What is the difference between Cryptocurrency and stocks?
The original goal for the creators of Cryptocurrency was for Crypto to one day become a currency that is as commonly accepted as cash and credit. Many people now associate Cryptocurrency with stocks, even though they’re completely different.
Let’s take a look at some of the differences between Cryptocurrency and stocks. You can use this information to learn more about Crypto, but it’s not financial advice and you should consider talking to a professional advisor of your choice before making important financial choices like buying or selling Crypto.
Difference: What you own
When you buy Crypto, you're given the rights to a certain amount of that virtual currency. Someday it may be possible to use Crypto in transactions as easily as other currencies, but today it’s primarily a store of value that you can hold onto or sell. By comparison, stocks are offered by companies as equity or ownership in that company.
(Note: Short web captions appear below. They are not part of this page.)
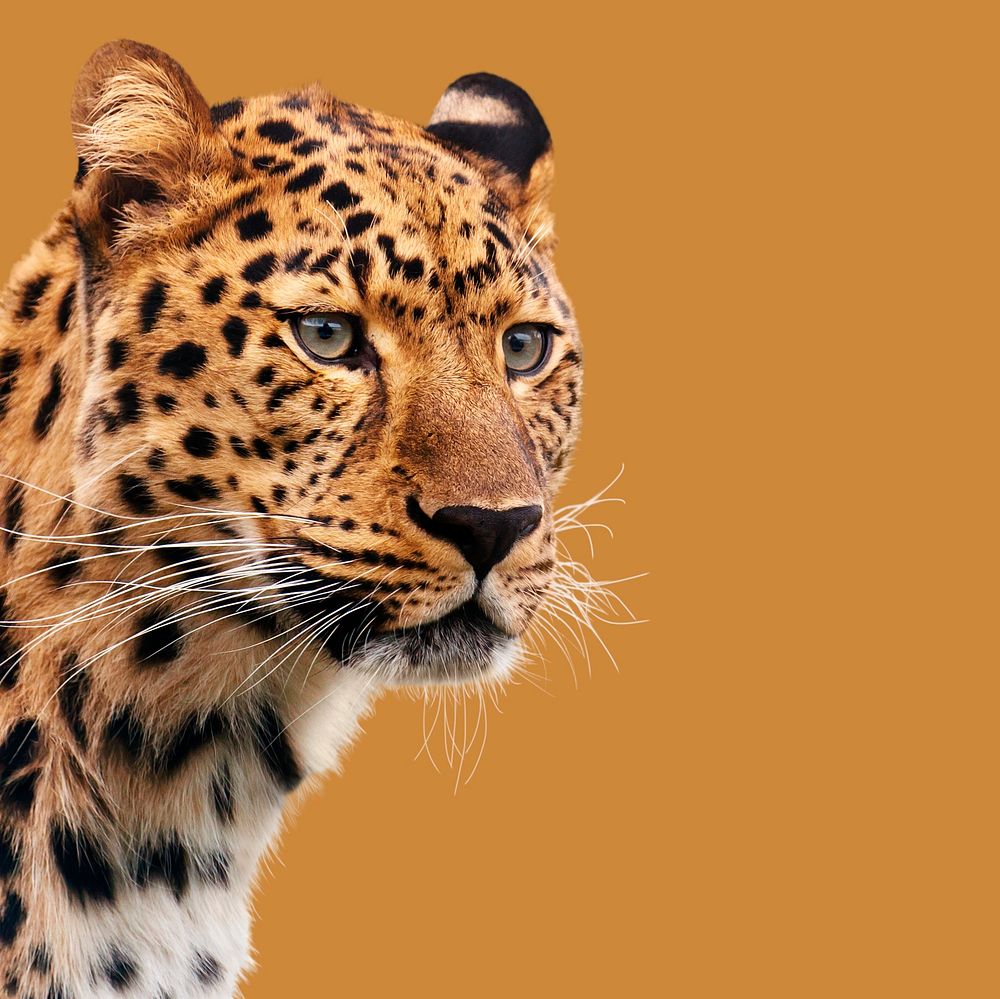 Leopard, wild animal closeup portrait psd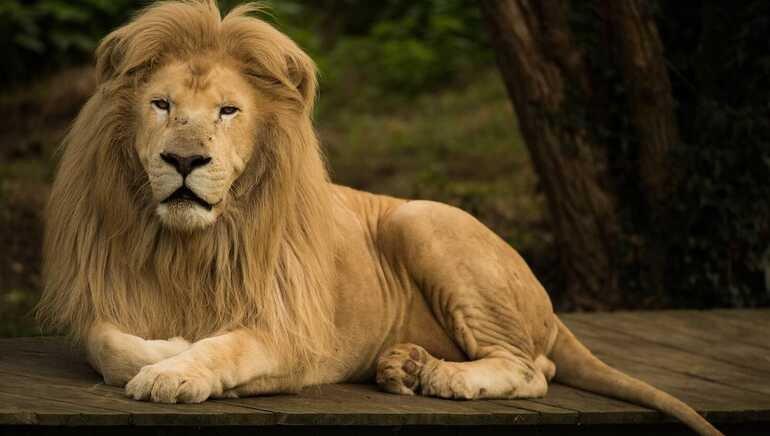 🐾 아르슈 피난처 (르퓨주 드 라르슈)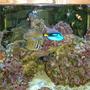 fish tank picture -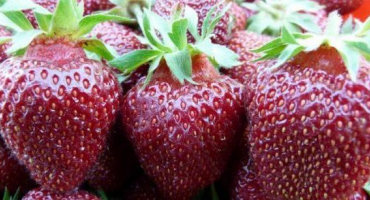 Popis a charakteristika odrůdy jahodníku black prince, výsadba a péče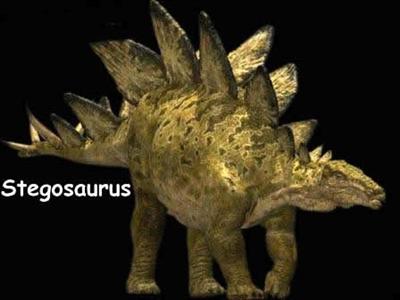 Stegosaurus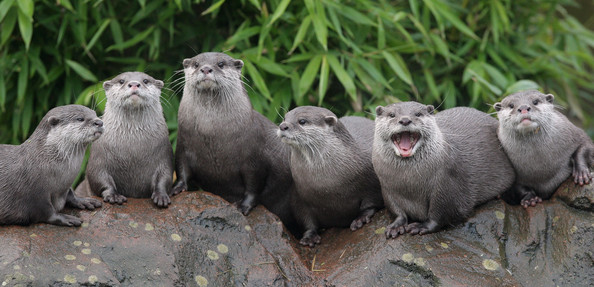 !!1aa otters3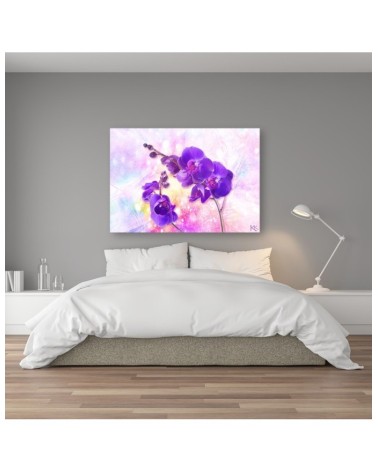 Bild auf Leinwand - Lila Orchideen Blumen | Feeby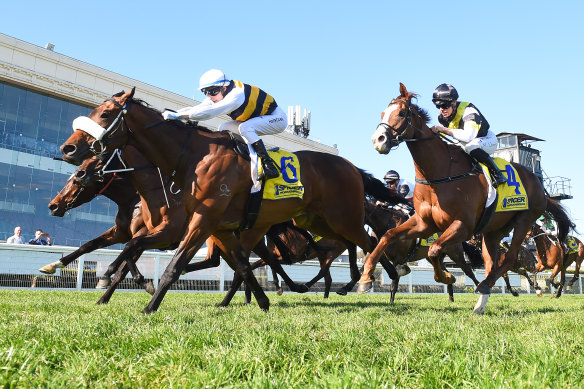 Harry Coffey wins on board Belthil on Caulfield Guineas day.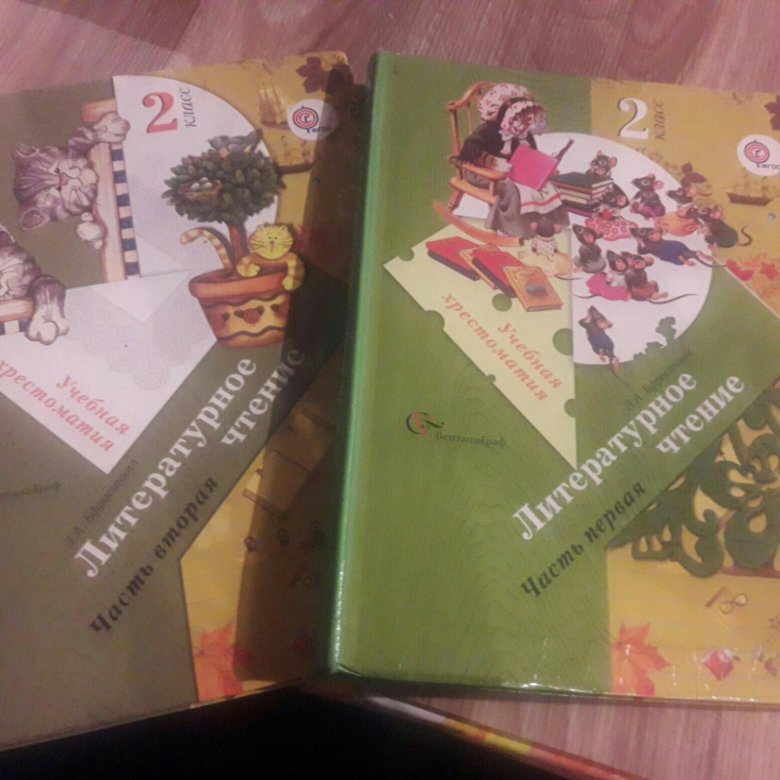 Литературное чтение 2 класс 21 век. Учебник по литературе 2 класс. Учебник по литературному чтению 2 класс. Учебник литературного чтения 21 века.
Both Crypto and stocks can go up and down in value, so buying either one involves risk. However, Crypto has gained a reputation for sudden and drastic changes in value that can happen without warning. Stocks, on the other hand, are directly linked to companies that must publicly and regularly share how they’ve been doing and how they expect to do in the future. Investors can use that information to make informed decisions.
Difference: How they’re governed
Several different organizations regulate the London Stock Exchange to protect fair trade. By contrast there is no central organization like the Financial Conduct Authority regulating the crypto market. It's also not covered under the authority of the Financial Ombudsman Service, the European Consumer Center, or any UK or Luxembourg Financial Services Compensation Scheme.
Difference: Hours of operation
Barring exceptional circumstances, the crypto market typically runs 24/7 365 days a year. You'll see the price of cryptos change even as the clock strikes midnight on New Year's Eve. The stock market only works full-time on business days but takes nights, weekends, and designated holidays off.